Following the platforms and publications arising from the proposed work in this application they will seek future collaborative funding to conduct studies of the inflammatory processes underlying leucocyte migration in CNS vasculitis in response to viral infection with Varicella zoster virus and autoimmunity in a CNS lupus model.

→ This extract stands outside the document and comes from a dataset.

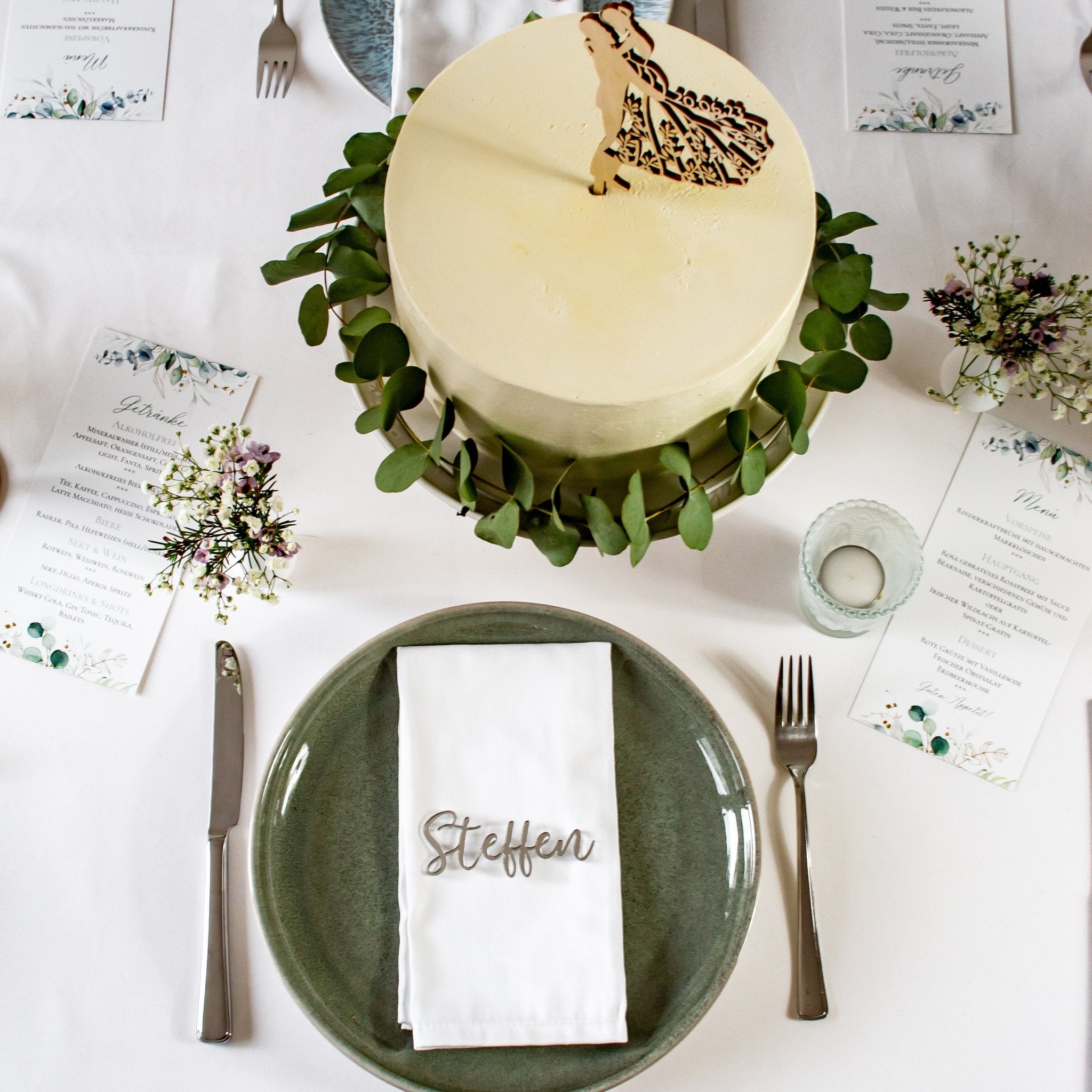 Hochzeitstisch dekoriert zur Hochzeitsfeier. Namensschild aus silbernen Acryl mit dem Namen &quot;Steffen&quot; als Tischdeko.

Together these platforms and the UK-Japan collaboration will be a significant step towards these early career researchers becoming leaders in the field of leucocyte migration in brain inflammation.

SCIENTIFIC IMPACT
The burgeoning field of "Atypical" chemoattractant receptor/ligand interactions, particularly with regards to neutrophil behaviour, is one in which the Japanese Co-PI has played an important role, resulting in high-impact publications, such as with regards to a novel role for C5a receptor in arthritis. However, these processes have not been explored in viral encephalitis and we currently have little understanding of their roles at the BBB.

The UK Co-PI has determined the critical chemoattractants and associated cytokines which correlate with BBB breakdown in clinical samples and developed a murine model and BBB model of viral encephalitis through which these findings can be replicated and interrogated.

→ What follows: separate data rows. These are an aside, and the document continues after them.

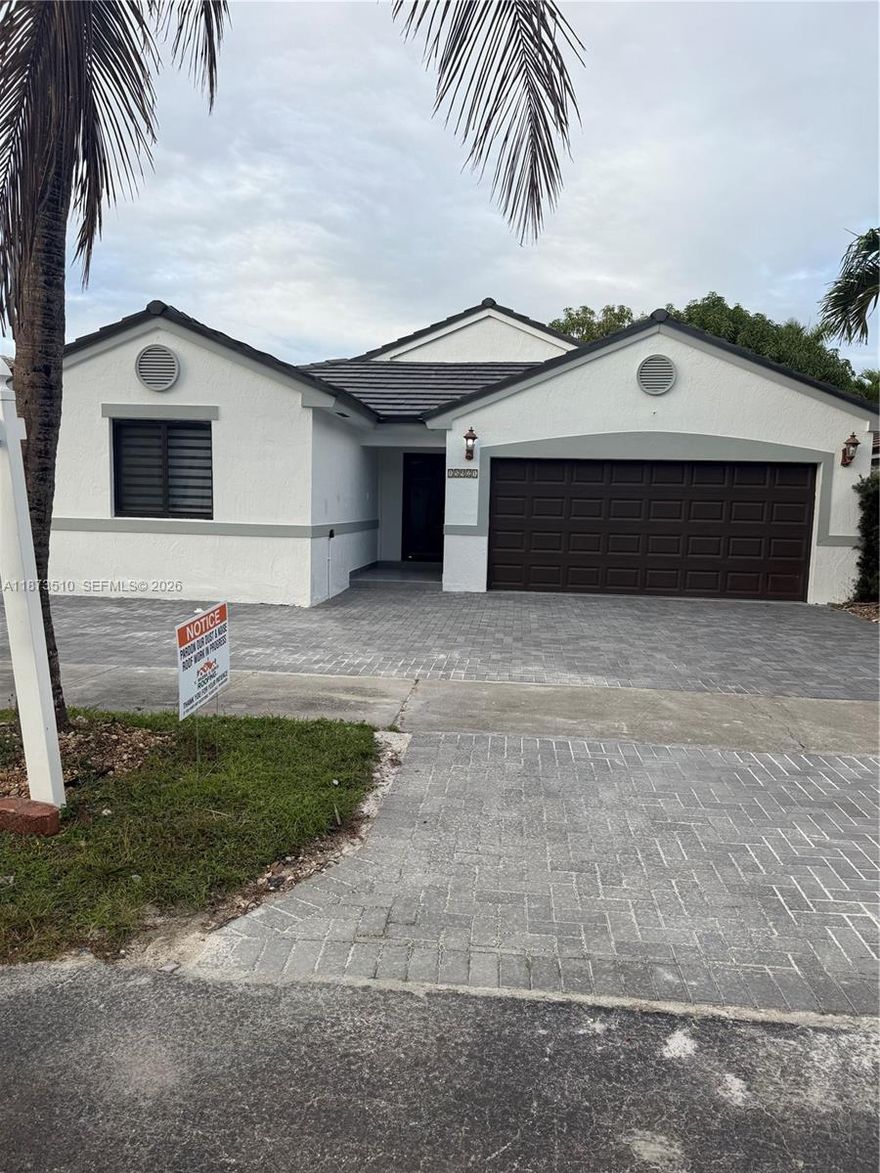 Beautiful, spacious and bright one-story single home in West Kendall. Plenty of space for, updated kitchen with stainless steel, Two car garage, large patio.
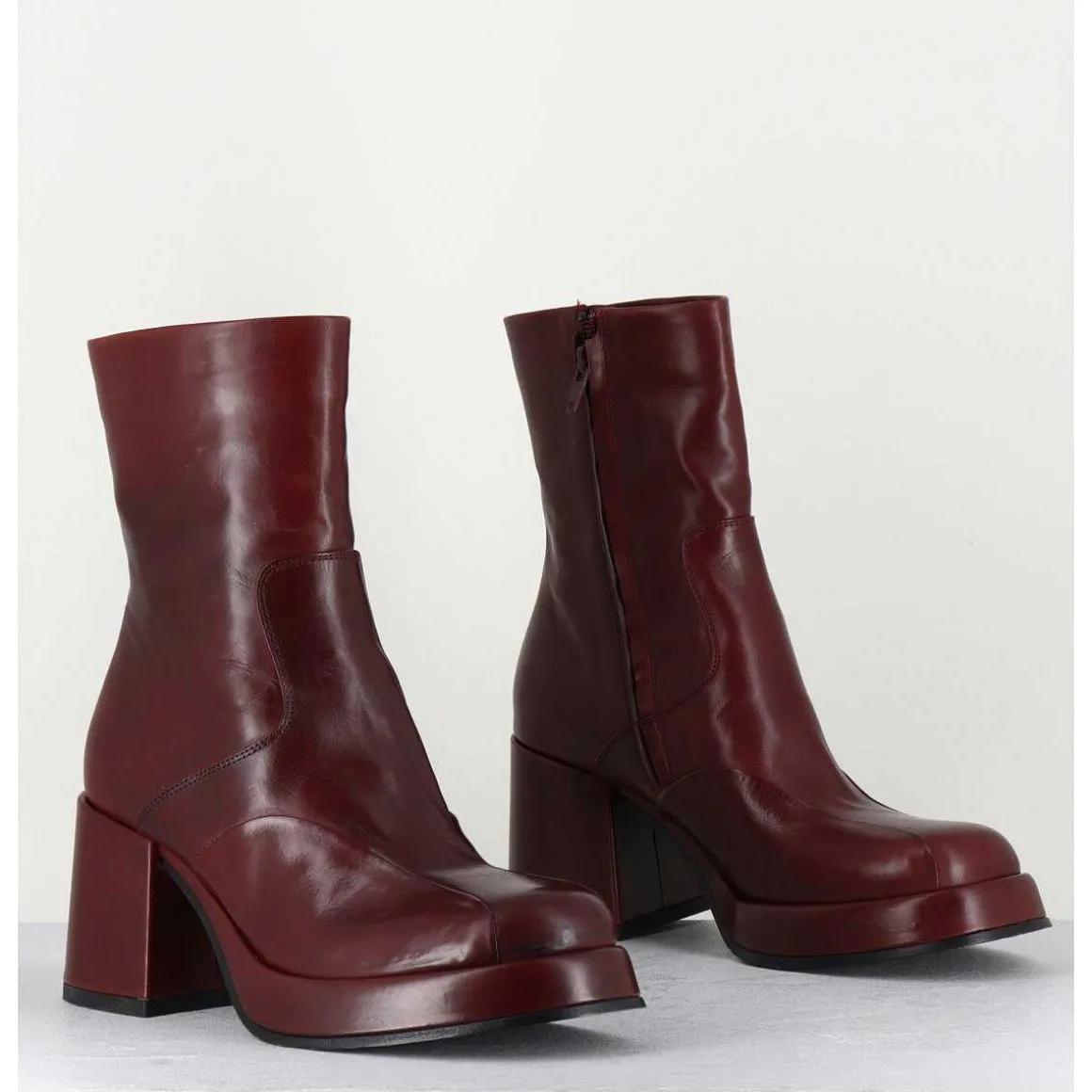 Boots 70S En Cuir Bordeaux - Archi Bordeau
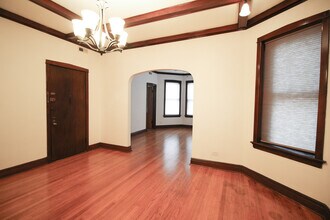 4118 N Ashland Ave-Unit -2 in Chicago, IL - Building Photo - Building Photo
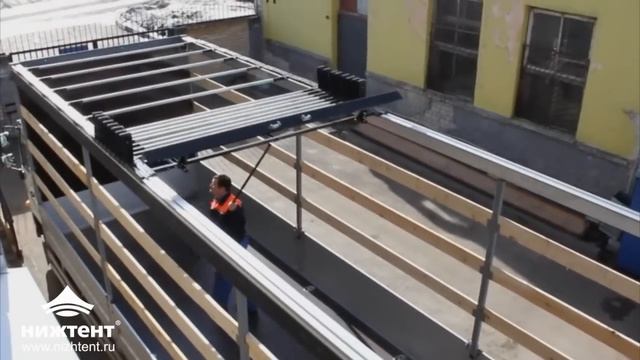 Сдвижная крыша мешком на полуприцепе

Together, using these techniques and platforms in a clinically-relevant model of brain infection provides the opportunity to identify those typical/atypical chemoattractants which determine the neutrophil migration and behaviours which initiate and perpetuate BBB permeability. This has the potential for substantive advances of our understanding of leucocyte migration processes at this critical barrier between the bloodstream and the brain.

MEDICAL IMPACT
Despite antiviral therapy many patients with HSV encephalitis will die and the majority of survivors are left with significant neurological morbidity. Although corticosteroids are sometimes given in extremis, their broad immunosuppressive effects risk licencing uncontrolled viral replication. Targeted adjunctive therapy is desperately needed which can reduce cerebral oedema and BBB breakdown without impairing viral replication. The critical step in this process is determining the key chemoattractant receptor/ligand interactions which drive this so that existing or novel targeted therapies can be investigated.

SOCIAL IMPACT
Whilst individual cases of HSV encephalitis are rare, the societal impact is huge; in part as those affected are usually otherwise healthy people. As treatment is limited to antiviral therapy, based on clinical trials in the 1980's, most survivors have significant neurological disability and many are unable to return to work and care for their family; consequently many require long-term support. Typical medical-negligence cases exceed £3-4M due to the significant loss of quality of life for those adversely affected.

EXPLOITATION POTENTIAL.
Viral infection is the leading cause of encephalitis and is associated with marked mortality/morbidity. Identifying the key chemoattractants which drive neutrophil migration and BBB breakdown will make it possible to investigate targeted therapy which ameliorate this process; thereby establishing either a novel therapy or new therapeutic indication for an existing treatment, which has implications for viral encephalitis more broadly.